Plantiana Yawn. Poorly Filmed Snooze Fest.
Smartorhypo Highly Overrated But Still Good
Matialth Good concept, poorly executed.
Odelecol Pretty good movie overall. First half was nothing special but it got better as it went along.
Frankandsexy The word idiot is perfect for the people in this movie. I just didn't know idiots came in so many colors.I can understand people lose interest in this movie quickly, because it's kind of a weird one. The story isn't much for one. But for second I can't think of any negative ;).This movie has a very clever way of telling jokes and I guess if your not bright enough you simply don't get them. I admit that some jokes took me some time and got to me after watching it. After watching it a second time I even got more jokes out of it. I believe that's my problem and not that of the movie.The acting is impressive too, because the characters are almost too absurd to imagine, but they are put down very realistically.
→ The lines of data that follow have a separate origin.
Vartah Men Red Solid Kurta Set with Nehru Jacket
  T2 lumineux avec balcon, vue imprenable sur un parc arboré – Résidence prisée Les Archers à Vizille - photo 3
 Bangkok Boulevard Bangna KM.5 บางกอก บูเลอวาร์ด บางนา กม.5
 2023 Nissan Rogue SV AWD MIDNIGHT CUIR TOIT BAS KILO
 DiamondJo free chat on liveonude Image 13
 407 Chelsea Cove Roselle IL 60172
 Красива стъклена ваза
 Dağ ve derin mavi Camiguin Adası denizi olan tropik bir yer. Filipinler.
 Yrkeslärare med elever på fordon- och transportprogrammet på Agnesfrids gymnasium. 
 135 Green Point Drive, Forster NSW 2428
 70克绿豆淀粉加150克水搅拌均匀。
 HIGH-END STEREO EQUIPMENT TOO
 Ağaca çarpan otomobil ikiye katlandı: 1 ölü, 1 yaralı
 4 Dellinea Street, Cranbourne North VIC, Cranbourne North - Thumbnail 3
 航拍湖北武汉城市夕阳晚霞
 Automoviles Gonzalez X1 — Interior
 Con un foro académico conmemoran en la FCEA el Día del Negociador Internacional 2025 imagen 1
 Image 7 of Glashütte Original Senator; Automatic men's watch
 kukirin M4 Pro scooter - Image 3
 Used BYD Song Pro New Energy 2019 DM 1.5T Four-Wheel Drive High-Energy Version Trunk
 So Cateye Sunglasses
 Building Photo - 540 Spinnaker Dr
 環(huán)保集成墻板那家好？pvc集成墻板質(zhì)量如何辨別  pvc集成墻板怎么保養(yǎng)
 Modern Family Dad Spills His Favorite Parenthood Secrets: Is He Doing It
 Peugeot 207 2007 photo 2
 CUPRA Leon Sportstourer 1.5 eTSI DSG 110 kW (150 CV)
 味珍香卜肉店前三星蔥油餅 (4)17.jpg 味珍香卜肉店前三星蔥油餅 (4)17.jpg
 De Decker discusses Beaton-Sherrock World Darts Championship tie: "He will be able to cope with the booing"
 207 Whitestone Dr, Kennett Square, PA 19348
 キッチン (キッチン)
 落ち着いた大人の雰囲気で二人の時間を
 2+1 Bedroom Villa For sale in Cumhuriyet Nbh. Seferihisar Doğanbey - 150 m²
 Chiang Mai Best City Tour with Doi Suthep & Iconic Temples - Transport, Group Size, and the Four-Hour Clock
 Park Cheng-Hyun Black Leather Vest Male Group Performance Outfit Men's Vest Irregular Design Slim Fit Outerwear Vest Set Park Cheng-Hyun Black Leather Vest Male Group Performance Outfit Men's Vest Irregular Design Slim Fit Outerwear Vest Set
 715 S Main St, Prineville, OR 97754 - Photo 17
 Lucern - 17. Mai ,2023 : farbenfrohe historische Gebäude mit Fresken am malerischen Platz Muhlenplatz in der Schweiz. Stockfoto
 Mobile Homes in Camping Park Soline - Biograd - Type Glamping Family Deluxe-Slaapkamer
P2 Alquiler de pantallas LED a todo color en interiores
SnoopyStyle Comedian Max Morris (Jeff Garlin) brings his son Max to play in little league baseball. Max isn't good. Ava (Nia Vardalos) is his wife. He has imaginary conversations with his father (Timothy Olyphant). He decides to research the wacky parents who come to the games for a possible movie. Coach Jimbo (Bob Odenkirk) owns a print shop. Coach Ted (J.B. Smoove) lives next to weird neighbors Jessica (Natasha Leggero), Jackie the Chocolatier, Freddy, and Big Time Sara. Angela (Hope Dworaczyk Smith) is a hot nanny for one of the kids. Harold (Richard Kind) is married to Rosie (Jami Gertz) who is obsessed with the game snacks. Hezekiah (Steve Agee) is obsessed with the game and possibly making his own movie. Caitlin (Kerri Kenney) and Sophie (Gina Gershon) are the lesbian couple. Marty (Fred Willard) is the divorced money man who is secretly without any money.Jeff Garlin has gathered a big cast of fun comedic talents to use in this rambling comedy. It's a lot of wacky characters in the world of little league baseball. There isn't anything tremendous but this cast is bound to get a couple of chuckles. There isn't much of a story. These aren't the Bad News Bears. The kids are mostly decorations and aren't actual characters.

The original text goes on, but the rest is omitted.